Students who receive a Graduate Certificate in Teaching Writing should

  • Successfully design a WR 120 and WR 150-level course (including syllabus, assignments, and assessments)
  • Successfully teach a WR 120 and WR 150-level course (including creating lesson plans and offering formative and summative feedback)
  • Reflect on their teaching practices for career-long improvement
  • Learn about Writing Studies as a discipline

Requirements

To earn the certificate, graduate students must teach in the Writing Program for at least two semesters, fulfill their responsibilities as teaching fellows or graduate writing fellows as described above, attend one Writing Program faculty seminar, and submit a teaching portfolio documenting their development as teachers during their semesters with the program. GWFs who join the Writing Program in 2023 or later are also expected to participate in a Collaborative Mentoring Initiative group during their first year of teaching.

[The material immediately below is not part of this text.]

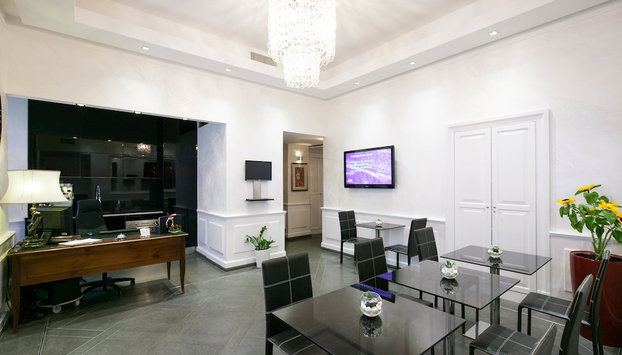 Le Stanze di Federica - Foto 4, Zona de estar del vestíbulo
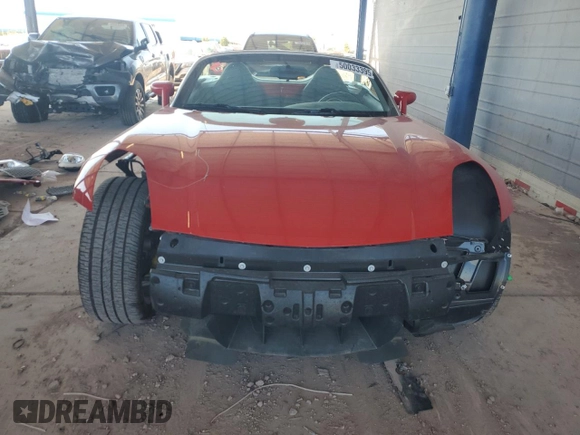 2008 Pontiac Solstice z VIN 1G2MC35B48Y131700, wystawiony jako Copart lot #50033395 z przebiegiem 4 783 mil mil oraz Szkoda całkowita • Salvage title. Historia ofert i sprzedaży dostępna na DreamBid. Obrazek 5.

Writing Program faculty seminars typically meet for three or four sessions each and provide the Writing Program’s teachers with the opportunity to explore current scholarship on various topics related to writing and writing pedagogy. Seminars offered in recent semesters include “ESL Now,” “Linguistics, Grammar, and Teaching Writing,” “Teaching for Transfer,” and “Student Motivation and Engagement.” More information is available on the Faculty Seminars page at Teaching Writing.

Teaching portfolios are coherent collections of teaching materials (e.g., syllabi, assignments, representative student work) accompanied by a framing introduction. Such portfolios provide students with an occasion to reflect on their development as teachers and help them prepare to be competitive job candidates. Here are three sample portfolios.

In sum, the requirements for the certificate are the following:

  • Successfully teach in the Writing Program for two semesters
  • Successfully complete WR 698, a two-credit seminar that prepares incoming graduate-student instructors for their first teaching assignment in the Writing Program
  • Successfully complete WR 699, a two-credit teaching practicum that guides graduate-student instructors through their first semester teaching in the program
  • Participate in ongoing supervision required of all graduate-student instructors*
  • Attend one (four-session) faculty seminar
  • Submit a teaching portfolio

NOTE: GWFs who join the Writing Program in 2023 or later are expected to participate in a Collaborative Mentoring Initiative group  during their first year of teaching and to follow these new teaching portfolio guidelines to qualify for a Graduate Certificate in Teaching Writing.